The clause has taken British officials by surprise, the Telegraph says. One told the newspaper it is “absolutely unacceptable” and gives Spain too much power over the future of the territory.
“One really wonders why the EU has thought it sensible to put in something that’s a bilateral issue between Spain and the UK,” they said.
Gibraltar, situated on Spain’s southern tip, has been in British hands for more than 300 years. Known to its 30,000 residents as ‘The Rock, the territory remains a major source of diplomatic tension.
Residents there voted 96 percent in favor of remaining within the EU last June.
Spain has already hinted it would block any agreement on airline landing rights after Brexit, with one diplomat telling the Financial Times a deal “cannot apply to their airport of Gibraltar.”
The Vice Chair of the All-Party Parliamentary Group for Gibraltar, Andrew Rosindell, told the Telegraph that “An agreement without including Gibraltar means there can be no agreement.
“British people must and will stand together, we cannot be bullied by Spain, any agreement must apply equally to the whole British family and that includes Gibraltar.

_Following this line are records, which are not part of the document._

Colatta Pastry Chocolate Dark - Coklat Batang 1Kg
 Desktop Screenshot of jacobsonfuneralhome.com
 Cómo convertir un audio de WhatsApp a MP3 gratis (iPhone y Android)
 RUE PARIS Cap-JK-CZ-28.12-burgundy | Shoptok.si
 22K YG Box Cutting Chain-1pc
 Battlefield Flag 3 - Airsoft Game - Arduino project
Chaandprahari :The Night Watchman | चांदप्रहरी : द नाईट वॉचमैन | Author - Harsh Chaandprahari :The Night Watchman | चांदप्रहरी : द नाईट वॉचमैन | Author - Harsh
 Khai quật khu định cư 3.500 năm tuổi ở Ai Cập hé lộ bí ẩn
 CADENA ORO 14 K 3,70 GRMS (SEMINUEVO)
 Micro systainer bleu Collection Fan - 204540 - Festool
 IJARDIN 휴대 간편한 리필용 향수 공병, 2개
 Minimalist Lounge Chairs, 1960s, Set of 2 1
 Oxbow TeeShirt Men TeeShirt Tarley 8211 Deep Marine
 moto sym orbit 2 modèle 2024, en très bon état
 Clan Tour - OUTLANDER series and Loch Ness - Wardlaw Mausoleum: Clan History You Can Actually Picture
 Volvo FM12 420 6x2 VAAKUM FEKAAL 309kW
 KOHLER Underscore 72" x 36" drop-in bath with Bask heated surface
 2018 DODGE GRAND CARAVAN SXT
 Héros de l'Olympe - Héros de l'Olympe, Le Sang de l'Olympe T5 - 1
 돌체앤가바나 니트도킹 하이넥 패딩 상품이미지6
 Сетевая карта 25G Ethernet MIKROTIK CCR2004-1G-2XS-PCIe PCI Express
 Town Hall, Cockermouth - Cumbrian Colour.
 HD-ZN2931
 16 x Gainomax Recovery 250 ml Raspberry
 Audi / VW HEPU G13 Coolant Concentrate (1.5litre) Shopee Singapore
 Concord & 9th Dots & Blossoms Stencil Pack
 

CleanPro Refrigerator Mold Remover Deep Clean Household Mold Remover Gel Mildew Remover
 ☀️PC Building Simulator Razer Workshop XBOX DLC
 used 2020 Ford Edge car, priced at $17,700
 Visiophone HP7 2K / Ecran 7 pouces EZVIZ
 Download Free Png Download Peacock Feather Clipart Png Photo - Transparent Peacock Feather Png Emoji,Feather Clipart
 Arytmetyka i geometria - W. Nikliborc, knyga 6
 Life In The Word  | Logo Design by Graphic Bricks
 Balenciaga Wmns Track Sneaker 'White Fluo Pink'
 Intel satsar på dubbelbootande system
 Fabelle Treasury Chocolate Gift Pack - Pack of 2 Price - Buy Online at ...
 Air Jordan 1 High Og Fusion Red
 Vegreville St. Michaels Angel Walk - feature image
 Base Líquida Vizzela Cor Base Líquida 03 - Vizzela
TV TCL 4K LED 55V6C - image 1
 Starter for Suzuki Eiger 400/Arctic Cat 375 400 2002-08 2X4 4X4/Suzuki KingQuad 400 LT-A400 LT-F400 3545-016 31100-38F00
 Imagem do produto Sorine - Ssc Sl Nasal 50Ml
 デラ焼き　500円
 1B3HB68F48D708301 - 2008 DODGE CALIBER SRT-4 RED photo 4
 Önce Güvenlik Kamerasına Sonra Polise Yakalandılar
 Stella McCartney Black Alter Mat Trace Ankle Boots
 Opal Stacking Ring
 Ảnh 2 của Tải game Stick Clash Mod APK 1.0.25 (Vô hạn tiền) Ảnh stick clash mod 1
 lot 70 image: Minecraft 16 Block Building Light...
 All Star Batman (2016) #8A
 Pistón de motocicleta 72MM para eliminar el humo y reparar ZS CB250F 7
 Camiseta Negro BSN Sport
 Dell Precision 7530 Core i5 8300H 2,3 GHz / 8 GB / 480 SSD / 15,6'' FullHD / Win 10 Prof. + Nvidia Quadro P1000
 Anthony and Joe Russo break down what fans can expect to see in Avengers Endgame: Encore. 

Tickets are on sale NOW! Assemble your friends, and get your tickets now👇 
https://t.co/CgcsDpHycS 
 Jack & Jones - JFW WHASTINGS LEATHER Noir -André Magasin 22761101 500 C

There can be no compromise on this.”
Gibraltar’s chief minister has warned the peninsular should not be used by Spain as a bargaining chip for the Brexit negotiations.
“There is absolutely no chance that Gibraltar is going to be bartering its British sovereignty, in exchange for continued access to the European Single Market or any one of the other advantages we enjoy as members of the European Union,” Fabian Picardo said in New York last October.